• **EXERCISE MATERIAL**
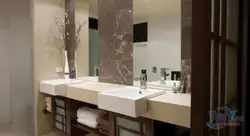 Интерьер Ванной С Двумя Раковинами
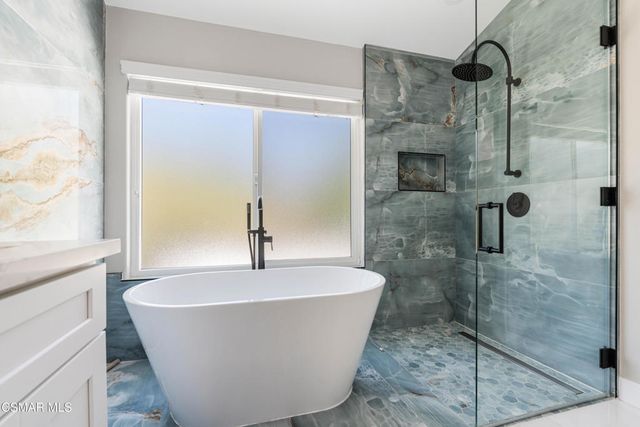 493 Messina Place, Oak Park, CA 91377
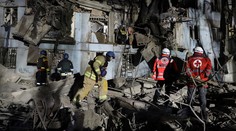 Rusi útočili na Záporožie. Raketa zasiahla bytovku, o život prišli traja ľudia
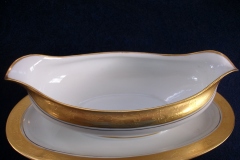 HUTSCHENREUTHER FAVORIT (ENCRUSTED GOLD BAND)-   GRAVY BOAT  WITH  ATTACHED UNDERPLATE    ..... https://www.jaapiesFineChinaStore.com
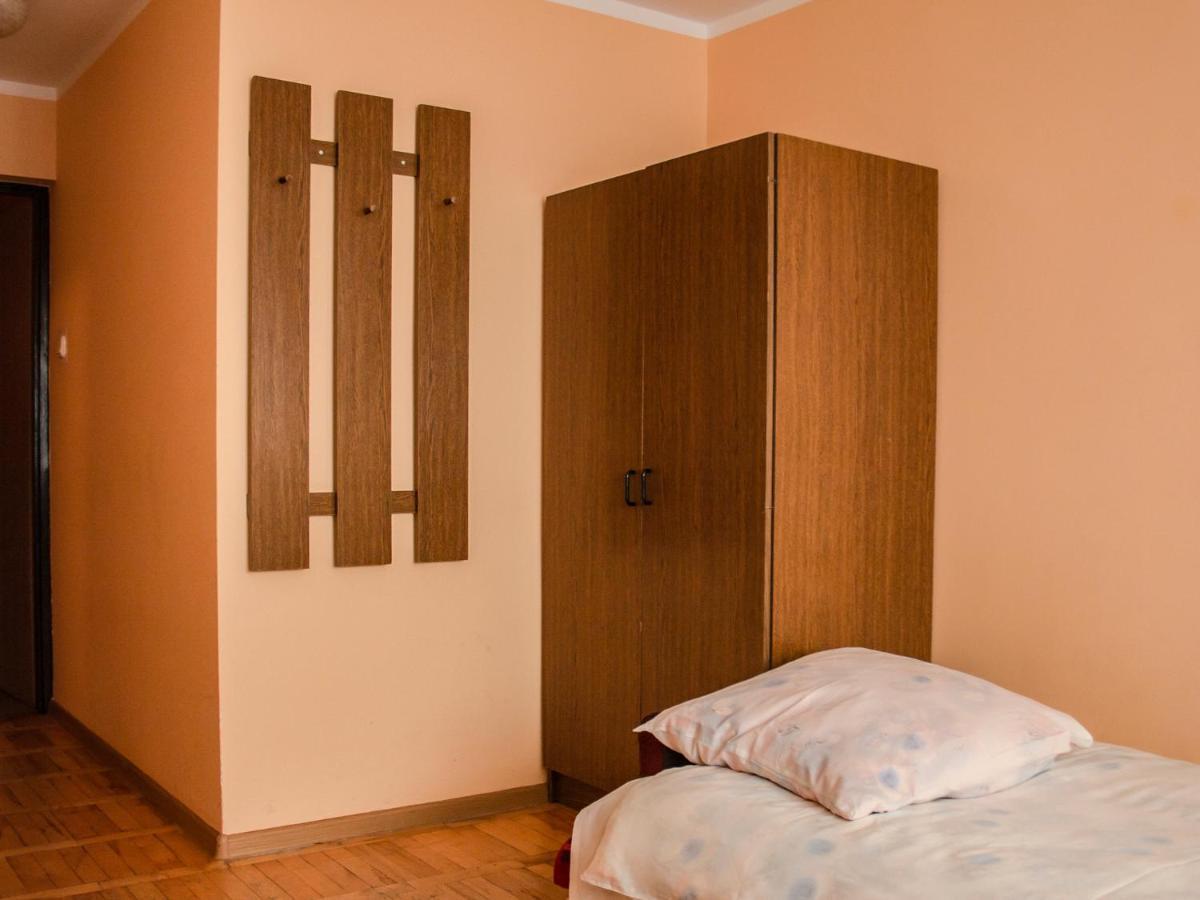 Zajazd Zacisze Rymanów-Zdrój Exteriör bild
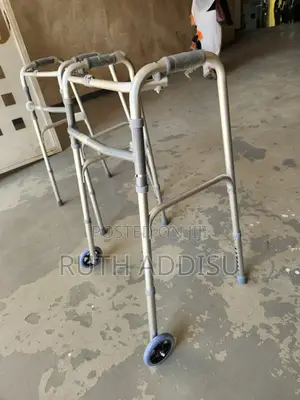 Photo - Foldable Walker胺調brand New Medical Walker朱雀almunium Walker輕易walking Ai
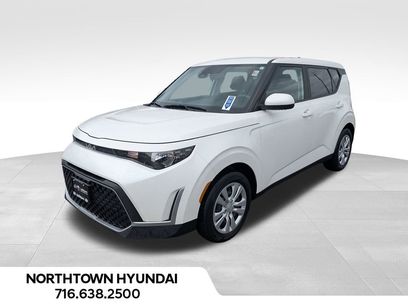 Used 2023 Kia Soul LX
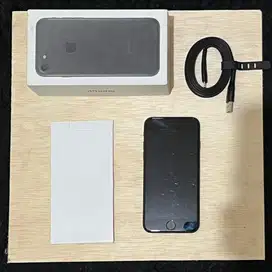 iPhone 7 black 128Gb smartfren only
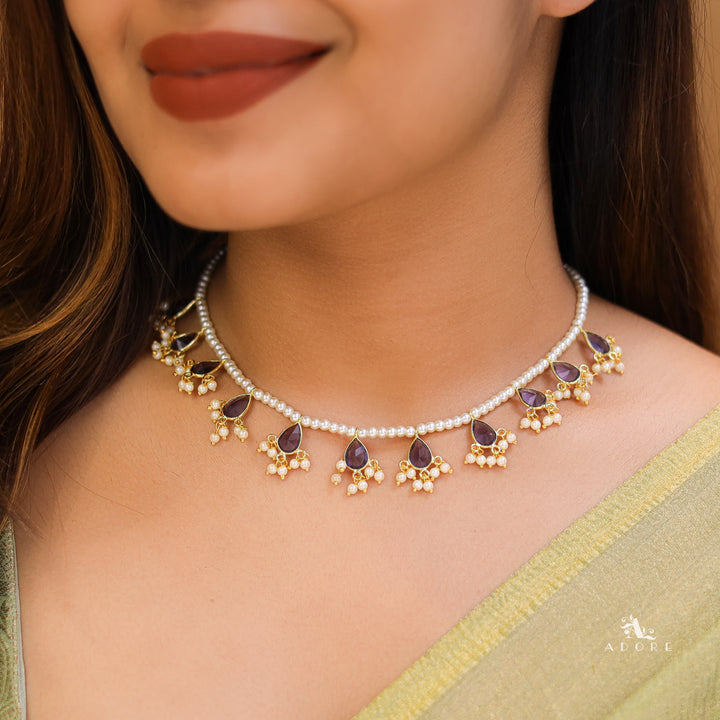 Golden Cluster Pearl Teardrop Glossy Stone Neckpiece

--

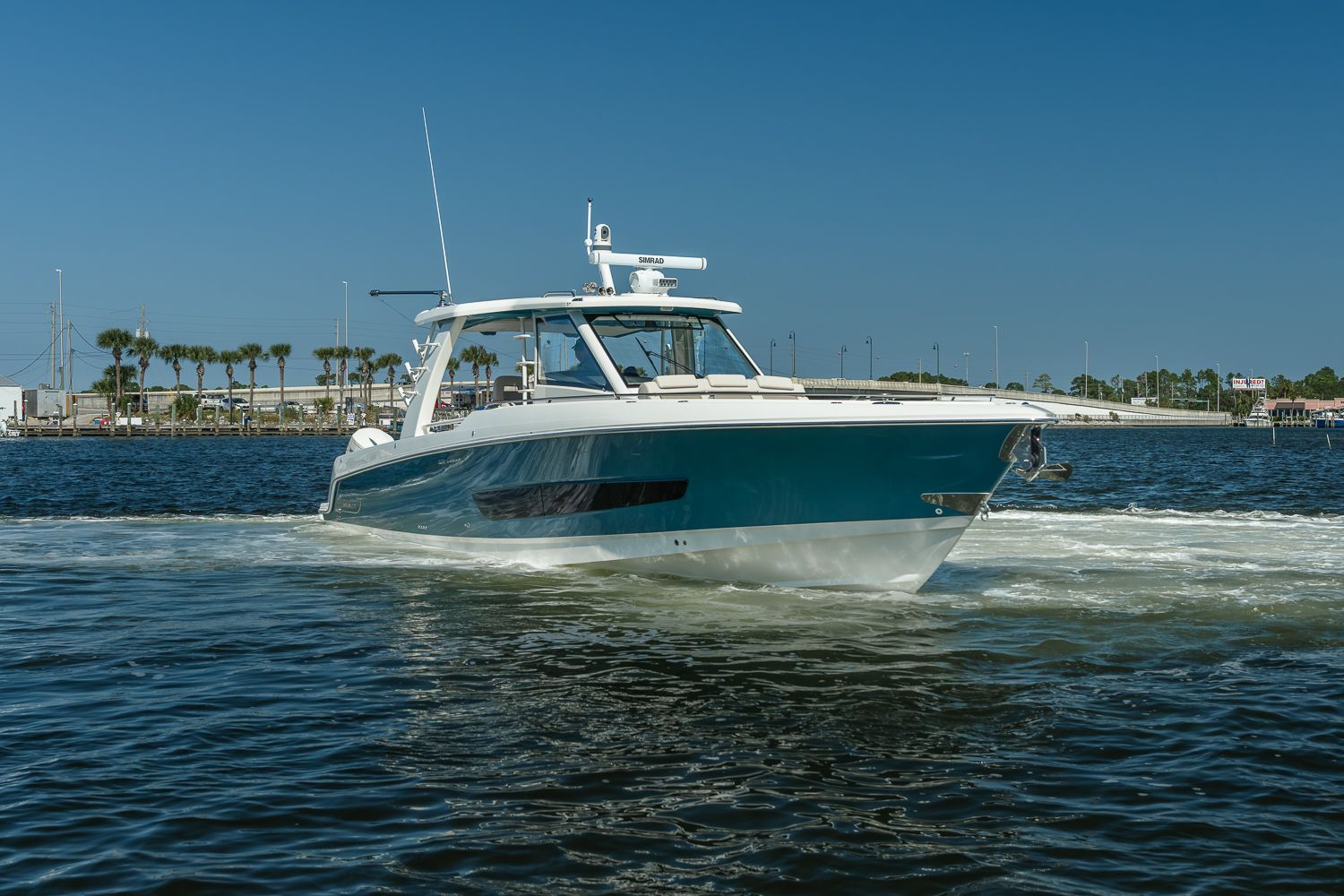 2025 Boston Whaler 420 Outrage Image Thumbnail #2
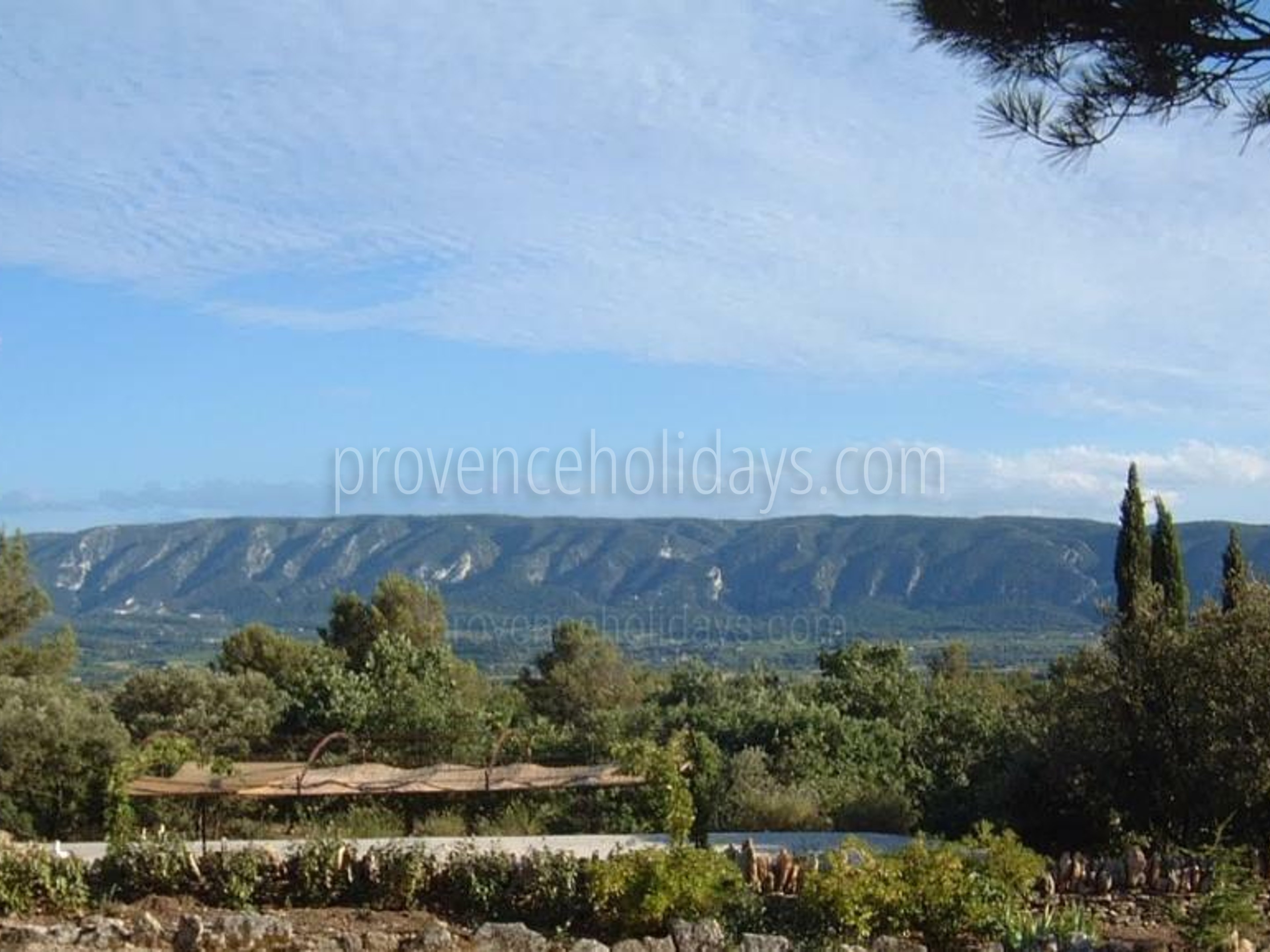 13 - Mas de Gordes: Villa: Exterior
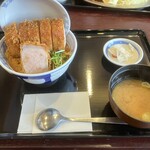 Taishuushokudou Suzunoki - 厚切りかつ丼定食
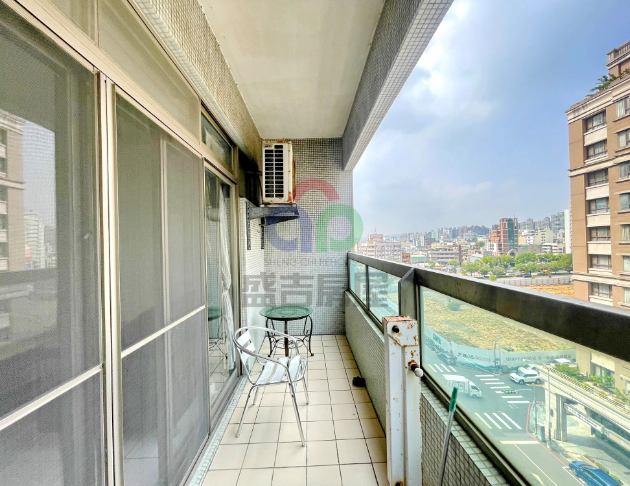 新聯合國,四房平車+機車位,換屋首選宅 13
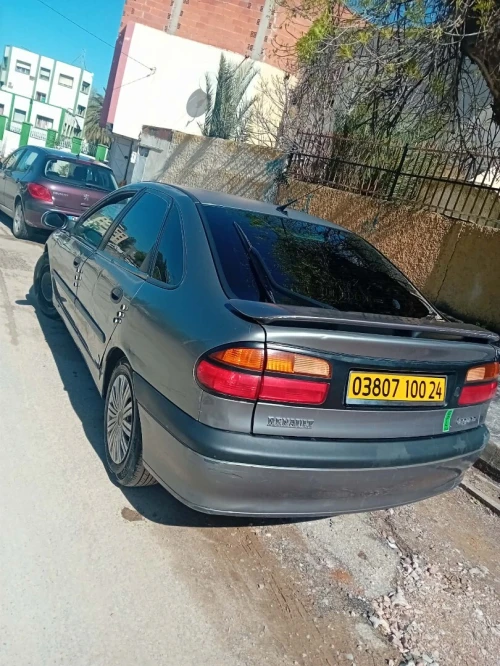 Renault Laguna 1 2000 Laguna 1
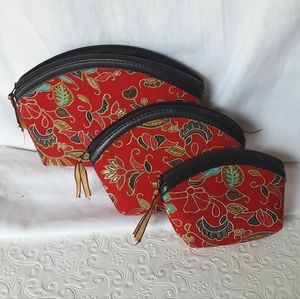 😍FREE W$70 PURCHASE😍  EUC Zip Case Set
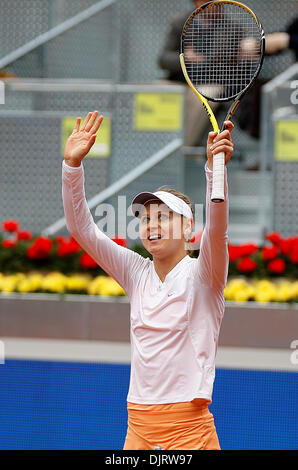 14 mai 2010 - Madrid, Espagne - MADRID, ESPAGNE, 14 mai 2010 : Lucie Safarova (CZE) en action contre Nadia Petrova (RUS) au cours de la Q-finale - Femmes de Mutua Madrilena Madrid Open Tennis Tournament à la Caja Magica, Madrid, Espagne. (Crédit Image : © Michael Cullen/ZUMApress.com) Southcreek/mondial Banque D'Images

...

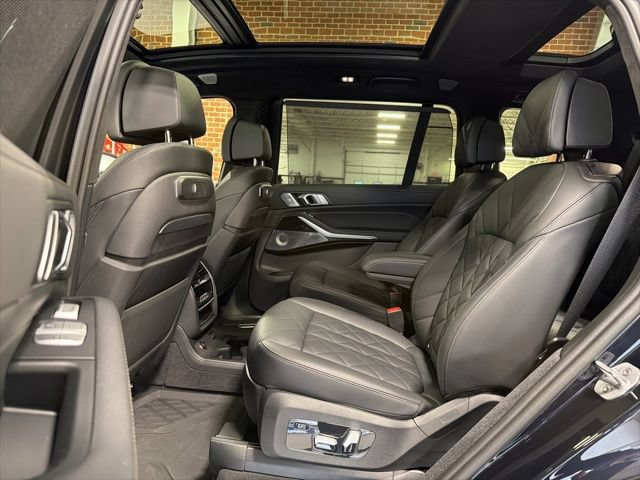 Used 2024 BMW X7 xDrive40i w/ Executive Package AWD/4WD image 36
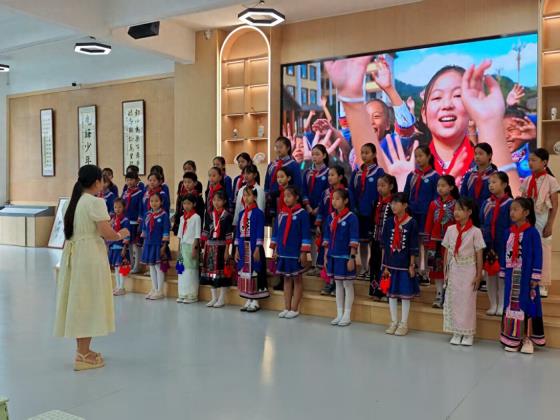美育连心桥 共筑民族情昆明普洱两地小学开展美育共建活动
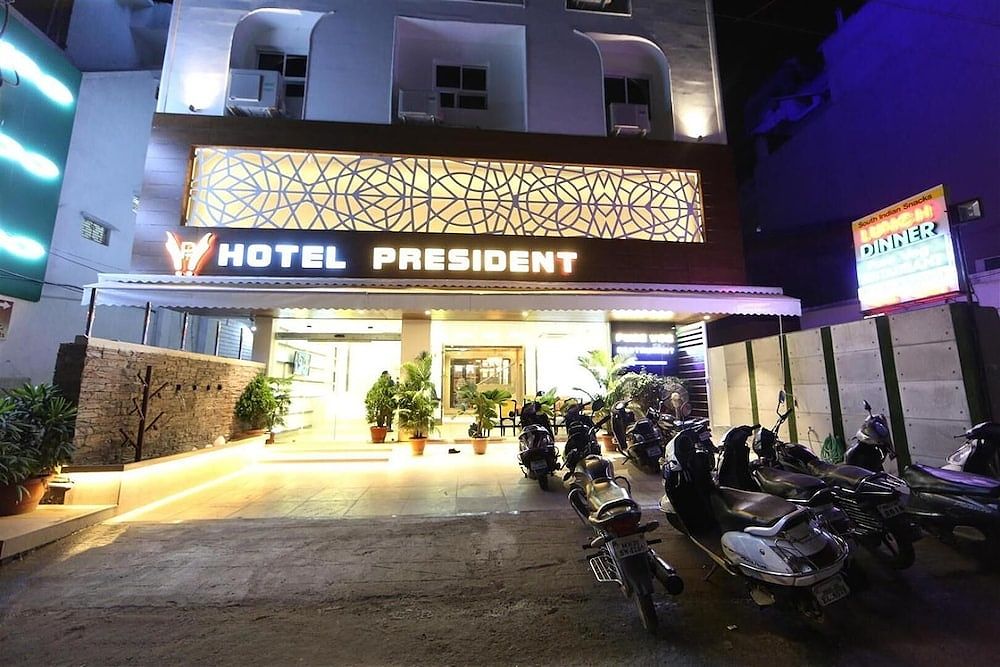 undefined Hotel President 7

• **WHAT YOU ARE ASKED TO DO**
Every line above in the stretch from the one with "Zip Case Set" through the one with "14 mai 2010 - Madrid, Espagne" is to be transcribed exactly, ends included. No picture is copied.

• **EXERCISE OUTPUT**
 😍FREE W$70 PURCHASE😍  EUC Zip Case Set
 14 mai 2010 - Madrid, Espagne - MADRID, ESPAGNE, 14 mai 2010 : Lucie Safarova (CZE) en action contre Nadia Petrova (RUS) au cours de la Q-finale - Femmes de Mutua Madrilena Madrid Open Tennis Tournament à la Caja Magica, Madrid, Espagne. (Crédit Image : © Michael Cullen/ZUMApress.com) Southcreek/mondial Banque D'Images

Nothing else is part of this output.